Synthesized speech involves creating a computer file of all the sounds a voice makes using the alphabet and combinations of letters, which are then combined to create words. This method is obviously more complex, but gives a greater amount of versatility and a larger potential bank of speech that can be produced.
Much of the recording can even be done by the user on their own, according to Burns. “The person recording a voice should have a microphone that is of higher quality than most people have as well as a place to record that has very little, if any, background noise.”
ModelTalker and more
One of the major versions of voice banking software available today is ModelTalker, developed by Dr. Tim Bunnell, Director of the Nemours Center for Pediatric Auditory and Speech Sciences.
(Bunnell was a guest on the ATU podcast in 2014; click here to hear his interview.)
He became interested in speech perception as a graduate student, which eventually segued into finding better ways to synthesize speech.
Voice banking “is an ideal technology for people who, for instance, have been diagnosed with a disease like ALS where they know there’s a very good likelihood that they’ll lose the ability to speak, but they are still able to speak fluently at the time of diagnosis,” Bunnell said during the podcast.
Unlike digitized speech that can only play back words or phrases that have been directly recorded, synthesized speech platforms like ModelTalker allow more communication freedom than ever.

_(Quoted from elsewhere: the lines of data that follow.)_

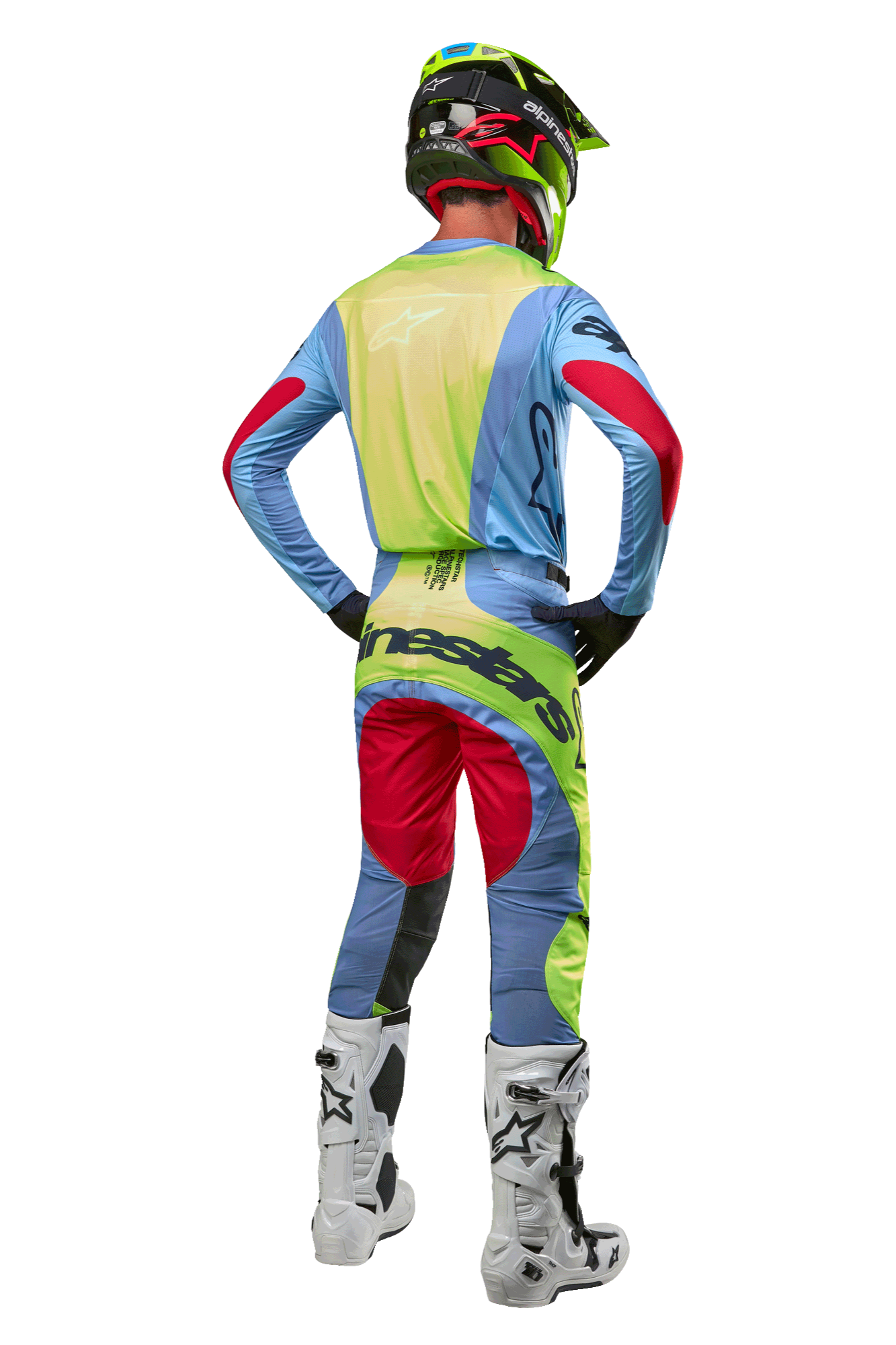 Piloto de motocross visto desde atrás con el jersey Alpinestars Techstar Ocuri 2024, azul claro con detalles en amarillo flúor y rojo baya, pantalones de carreras a juego, botas blancas y casco neón, equipamiento completo de off-road para competición profesional
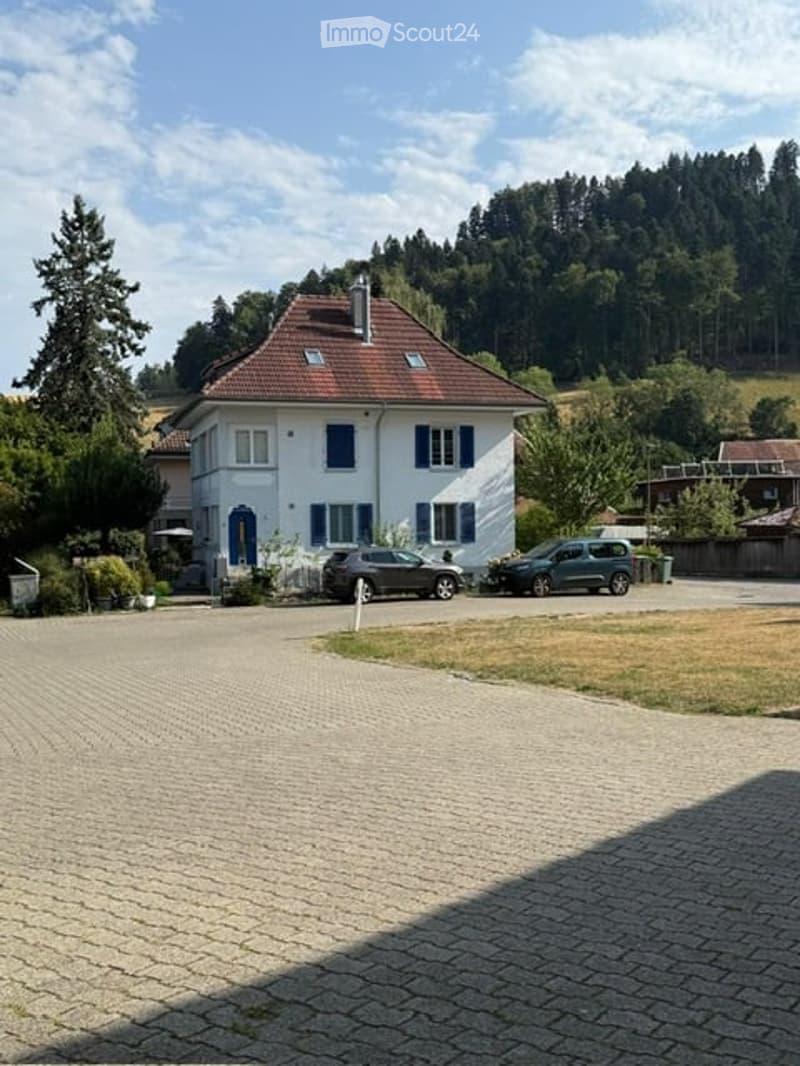 Two-story white house with blue shutters and a red-tiled roof, surrounded by trees and a parking area with two cars.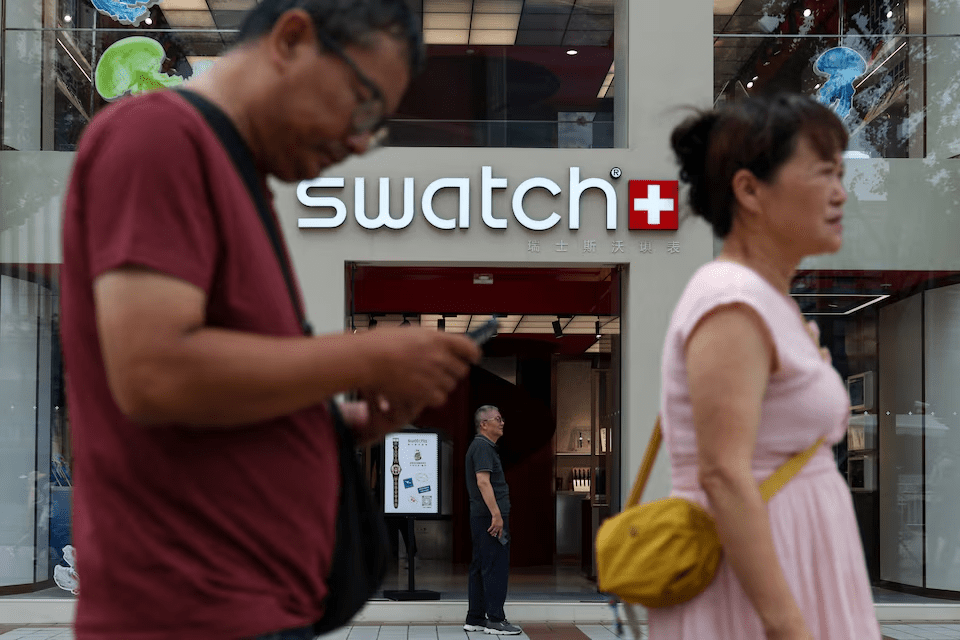 People walk past a store of Swiss watchmaker Swatch, in Beijing, China August 18, 2025. REUTERS/Tingshu Wang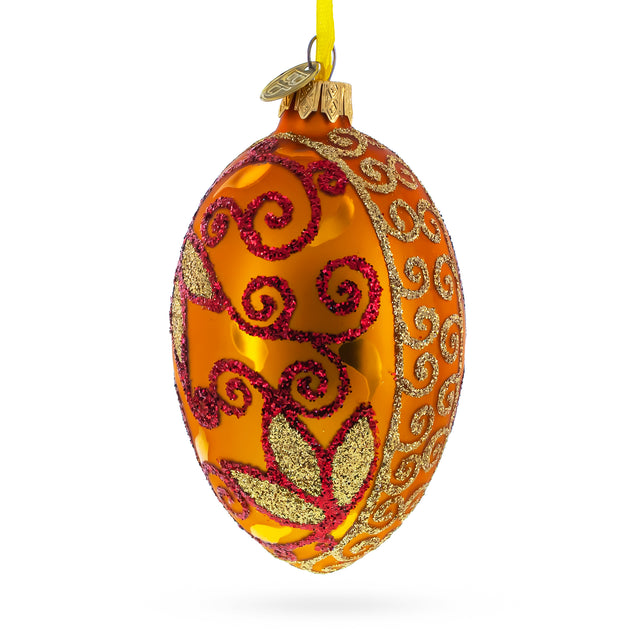 Glass Autumn Leaves on Gold Glass Egg Christmas Ornament 4 Inches in Orange color Oval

“What we’re able to do is take those recorded phrases and actually convert them into a synthetic voice that still sounds like the person who recorded the speech originally, but is able to say anything, including things that the person didn’t originally record,” he said.
One thing Bunnell and others encounter in voice banking is the user’s desire to record their voice in a very animated way, with lots of changes in intonation and tone.
“Actually, that’s counterproductive when you’re trying to build a synthetic voice. Because in order to be able to find the bits and pieces to paste together smoothly, you want a fair amount of uniformity in the recordings. So, it’s actually better for people not to be very expressive in the way they do the recording,” he said.
Researchers are working on ways to make voice banking faster and easier, so the recording time could be as little as 30 minutes in the future.
Even when it’s not possible for a person with speech impairment to record his or her own voice for banking, another option is the use of voice donors. This could be a loved one or friend whose voice is employed so there is still a level of familiarity and comfort with the speech used.
ModelTalker also encourages people to become voice donors for strangers, much like blood donation. Craig Burns sees opportunities for using voice donors to customize speech generating devices to their own tastes, as well as help differentiate between them so everyone using a SGD does not sound alike.
“I see young AAC users choosing voices not typically found in current speech generating devices to help personalize their devices, especially when there may be a group of AAC users together,” he said.
Another exciting area of application is children who experience speech impairment at a young age. Rather than having to spend a lifetime using generic-sounding AAC, they could pick and choose their own voice — now, and in the future.
“It would be useful for children to be able to select or change voices as they grow. If there was a voice for a six-year-old girl, speech therapists could download that voice for the child’s device,” Burns said. “As the child grows, the therapist or family could download an older child’s voice. In effect, the device speech output could change as the individual matures physically in age.”